You can delete items from a map with the built-in function delete. It takes the map and the key to remove, and it returns nothing:

delete(mapName, key)

Dependency injection

Dependency injection means thta you can inject (pass in) a dependency at runtime. The dependencies–like a DB connection or printing to STDOUT–is passed into the function rather than being hardcoded. Dependency injection lets you write general-purpose functions, and it faciliates testing.

One way to do this is to pass an interface rather than a concrete type:

func Greet(writer io.Writer, name string) {
    fmt.Fprintf(writer, "Hello, %s", name)
}

Use bytes.Buffer{} to test anything with the io.Writer interface.

Mocking

Test spies

A testing spy is a test double (like a mock or stub) that records information about how it’s used, so your test can make assertions about:

What methods were called
How many times
With what arguments
And in what order
A spy is a kind of test double that records what happened.
Use it when you need to assert behavior, not just results.
It’s ideal for testing side effects and interactions in Go, especially when paired with interfaces and dependency injection.

What makes it a spy:

Behaves like the real dependency (implements the same interface)
Tracks internal state or call history
Is inspected after the test to verify behavior

Unlike mocks, spies typically don’t enforce expectations upfront (e.g., “this method must be called once”).

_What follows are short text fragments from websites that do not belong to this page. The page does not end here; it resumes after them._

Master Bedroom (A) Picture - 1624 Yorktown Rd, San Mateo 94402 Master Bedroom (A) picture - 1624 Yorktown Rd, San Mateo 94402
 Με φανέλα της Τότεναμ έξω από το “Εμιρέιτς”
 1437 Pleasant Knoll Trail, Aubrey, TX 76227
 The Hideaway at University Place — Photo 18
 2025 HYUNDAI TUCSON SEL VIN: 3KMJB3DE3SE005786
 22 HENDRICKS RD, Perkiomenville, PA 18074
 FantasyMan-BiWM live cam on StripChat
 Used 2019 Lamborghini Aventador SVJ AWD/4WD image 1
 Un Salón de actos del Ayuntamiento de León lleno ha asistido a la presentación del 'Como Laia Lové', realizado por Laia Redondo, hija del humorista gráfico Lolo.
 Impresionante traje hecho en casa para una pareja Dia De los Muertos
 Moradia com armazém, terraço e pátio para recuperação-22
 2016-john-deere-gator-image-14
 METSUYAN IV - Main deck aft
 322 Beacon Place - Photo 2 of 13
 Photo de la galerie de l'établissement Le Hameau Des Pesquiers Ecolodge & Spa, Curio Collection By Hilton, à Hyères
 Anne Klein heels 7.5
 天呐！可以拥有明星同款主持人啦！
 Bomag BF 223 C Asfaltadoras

You test after the fact.

Use a spy to test side effects and interactions.

For example:
Did we call Sleep() 3 times?
Did we write to a file before sleeping?
Did a logger get used properly?

Concurrency

Use concurrency for the part of the code that you want to run faster. The other parts should run linearly.

Race condition

A race condition is a bug that occurs when software is dependent on the timing and sequence of events. Go has a built-in race detector:

go test -race

Channels

Channels can help solve data race condiitons.

send expressions send values to a channel
receive expressions assign a value in a channel to a variable

// send expression
resultChannel <- result{u, wc(u)}

// receive expression
r := <-resultChannel